■ Activity: Among the records, which lines hold the word "Crescent"? Pick them out.

■ Input for this task:
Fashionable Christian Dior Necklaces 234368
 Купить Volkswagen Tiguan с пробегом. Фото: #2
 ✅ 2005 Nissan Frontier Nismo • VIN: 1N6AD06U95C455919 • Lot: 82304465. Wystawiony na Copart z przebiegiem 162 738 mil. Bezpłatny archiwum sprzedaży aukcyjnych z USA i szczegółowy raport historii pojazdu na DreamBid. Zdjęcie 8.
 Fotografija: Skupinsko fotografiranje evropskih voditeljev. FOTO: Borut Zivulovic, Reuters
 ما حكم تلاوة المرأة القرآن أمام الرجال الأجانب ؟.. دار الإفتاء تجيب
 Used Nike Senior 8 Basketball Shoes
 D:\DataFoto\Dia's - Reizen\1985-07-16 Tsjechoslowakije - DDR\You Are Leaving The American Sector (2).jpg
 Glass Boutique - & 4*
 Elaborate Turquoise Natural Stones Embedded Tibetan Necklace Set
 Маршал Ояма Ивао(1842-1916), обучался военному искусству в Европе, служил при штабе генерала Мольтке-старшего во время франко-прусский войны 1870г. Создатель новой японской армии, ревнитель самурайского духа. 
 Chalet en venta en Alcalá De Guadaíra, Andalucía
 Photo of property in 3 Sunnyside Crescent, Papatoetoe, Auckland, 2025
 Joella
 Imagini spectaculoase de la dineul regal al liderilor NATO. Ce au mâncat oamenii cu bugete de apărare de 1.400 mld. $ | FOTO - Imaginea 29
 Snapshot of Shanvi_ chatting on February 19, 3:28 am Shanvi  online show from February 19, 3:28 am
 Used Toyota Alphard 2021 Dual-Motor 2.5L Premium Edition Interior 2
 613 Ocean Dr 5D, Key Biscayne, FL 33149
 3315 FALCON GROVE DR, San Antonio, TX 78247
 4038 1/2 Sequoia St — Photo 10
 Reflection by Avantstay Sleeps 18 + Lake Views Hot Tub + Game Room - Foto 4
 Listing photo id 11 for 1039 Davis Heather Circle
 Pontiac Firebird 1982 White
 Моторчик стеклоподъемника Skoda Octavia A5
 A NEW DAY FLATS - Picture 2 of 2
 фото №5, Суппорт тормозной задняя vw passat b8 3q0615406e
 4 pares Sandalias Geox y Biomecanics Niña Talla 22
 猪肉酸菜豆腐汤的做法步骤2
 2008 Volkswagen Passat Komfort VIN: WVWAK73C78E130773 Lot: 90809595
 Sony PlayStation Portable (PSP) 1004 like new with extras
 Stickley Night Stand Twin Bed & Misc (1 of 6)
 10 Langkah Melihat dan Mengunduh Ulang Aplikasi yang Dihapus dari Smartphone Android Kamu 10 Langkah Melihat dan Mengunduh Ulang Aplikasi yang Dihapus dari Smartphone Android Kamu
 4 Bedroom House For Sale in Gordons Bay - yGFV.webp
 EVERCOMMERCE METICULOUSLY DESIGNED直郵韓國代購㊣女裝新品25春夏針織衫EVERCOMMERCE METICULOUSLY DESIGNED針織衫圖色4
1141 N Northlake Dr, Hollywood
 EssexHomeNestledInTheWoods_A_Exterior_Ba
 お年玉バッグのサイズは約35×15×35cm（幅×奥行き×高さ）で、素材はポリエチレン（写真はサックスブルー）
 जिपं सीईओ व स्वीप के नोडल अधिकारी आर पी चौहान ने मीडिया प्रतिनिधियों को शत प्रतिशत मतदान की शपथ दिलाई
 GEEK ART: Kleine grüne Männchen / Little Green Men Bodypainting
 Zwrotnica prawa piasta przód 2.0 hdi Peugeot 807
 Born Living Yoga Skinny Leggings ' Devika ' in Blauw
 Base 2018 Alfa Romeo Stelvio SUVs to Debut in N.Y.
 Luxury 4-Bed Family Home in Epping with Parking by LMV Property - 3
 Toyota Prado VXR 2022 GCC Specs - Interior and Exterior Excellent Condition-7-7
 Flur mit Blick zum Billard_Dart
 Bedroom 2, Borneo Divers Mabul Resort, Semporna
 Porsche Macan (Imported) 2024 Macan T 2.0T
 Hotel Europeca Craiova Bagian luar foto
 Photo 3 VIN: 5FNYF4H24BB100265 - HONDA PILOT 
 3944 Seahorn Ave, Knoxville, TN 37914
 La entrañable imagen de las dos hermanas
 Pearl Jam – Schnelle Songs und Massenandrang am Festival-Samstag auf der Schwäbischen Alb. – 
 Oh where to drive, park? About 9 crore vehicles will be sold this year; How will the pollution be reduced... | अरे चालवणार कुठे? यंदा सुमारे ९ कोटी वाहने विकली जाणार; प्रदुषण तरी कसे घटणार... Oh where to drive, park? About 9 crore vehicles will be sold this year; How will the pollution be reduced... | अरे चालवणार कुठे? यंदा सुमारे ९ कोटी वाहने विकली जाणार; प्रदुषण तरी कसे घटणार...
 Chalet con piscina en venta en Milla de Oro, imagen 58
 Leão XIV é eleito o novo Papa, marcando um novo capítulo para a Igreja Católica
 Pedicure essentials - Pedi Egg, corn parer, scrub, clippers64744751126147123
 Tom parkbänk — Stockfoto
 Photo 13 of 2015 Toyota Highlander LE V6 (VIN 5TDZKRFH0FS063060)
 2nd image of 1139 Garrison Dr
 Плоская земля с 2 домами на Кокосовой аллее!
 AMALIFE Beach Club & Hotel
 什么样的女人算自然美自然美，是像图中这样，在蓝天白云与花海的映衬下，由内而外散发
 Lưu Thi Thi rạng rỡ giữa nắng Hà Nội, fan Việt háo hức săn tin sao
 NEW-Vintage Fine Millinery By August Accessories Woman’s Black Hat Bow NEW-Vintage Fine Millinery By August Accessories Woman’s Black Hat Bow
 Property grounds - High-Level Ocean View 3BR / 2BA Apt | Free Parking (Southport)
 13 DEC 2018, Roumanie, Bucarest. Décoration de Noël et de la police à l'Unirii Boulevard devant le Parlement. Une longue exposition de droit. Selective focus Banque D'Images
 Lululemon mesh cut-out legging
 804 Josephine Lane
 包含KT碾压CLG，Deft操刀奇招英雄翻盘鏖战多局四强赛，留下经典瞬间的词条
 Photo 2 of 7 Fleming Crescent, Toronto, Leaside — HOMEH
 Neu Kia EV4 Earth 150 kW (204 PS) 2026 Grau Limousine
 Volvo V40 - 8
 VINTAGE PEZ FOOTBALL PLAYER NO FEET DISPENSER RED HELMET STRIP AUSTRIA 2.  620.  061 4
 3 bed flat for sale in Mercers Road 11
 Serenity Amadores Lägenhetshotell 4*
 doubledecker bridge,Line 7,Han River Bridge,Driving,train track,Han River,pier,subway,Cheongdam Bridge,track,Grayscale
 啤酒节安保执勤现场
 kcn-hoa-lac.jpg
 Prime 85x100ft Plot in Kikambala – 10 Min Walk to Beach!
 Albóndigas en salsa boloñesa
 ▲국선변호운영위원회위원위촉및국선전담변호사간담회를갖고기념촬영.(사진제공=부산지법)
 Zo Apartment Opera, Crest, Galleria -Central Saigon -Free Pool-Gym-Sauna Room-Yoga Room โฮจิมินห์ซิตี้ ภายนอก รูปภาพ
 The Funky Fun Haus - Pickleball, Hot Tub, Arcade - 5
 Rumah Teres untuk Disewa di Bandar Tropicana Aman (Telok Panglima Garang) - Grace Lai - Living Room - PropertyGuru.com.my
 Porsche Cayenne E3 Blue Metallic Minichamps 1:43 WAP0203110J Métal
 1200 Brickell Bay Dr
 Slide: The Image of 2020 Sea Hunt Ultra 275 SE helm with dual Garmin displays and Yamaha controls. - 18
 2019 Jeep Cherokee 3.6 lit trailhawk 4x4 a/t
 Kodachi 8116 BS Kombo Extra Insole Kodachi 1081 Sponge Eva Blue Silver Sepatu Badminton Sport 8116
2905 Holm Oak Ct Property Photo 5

■ Output of the exercise:
 Photo of property in 3 Sunnyside Crescent, Papatoetoe, Auckland, 2025
 Photo 2 of 7 Fleming Crescent, Toronto, Leaside — HOMEH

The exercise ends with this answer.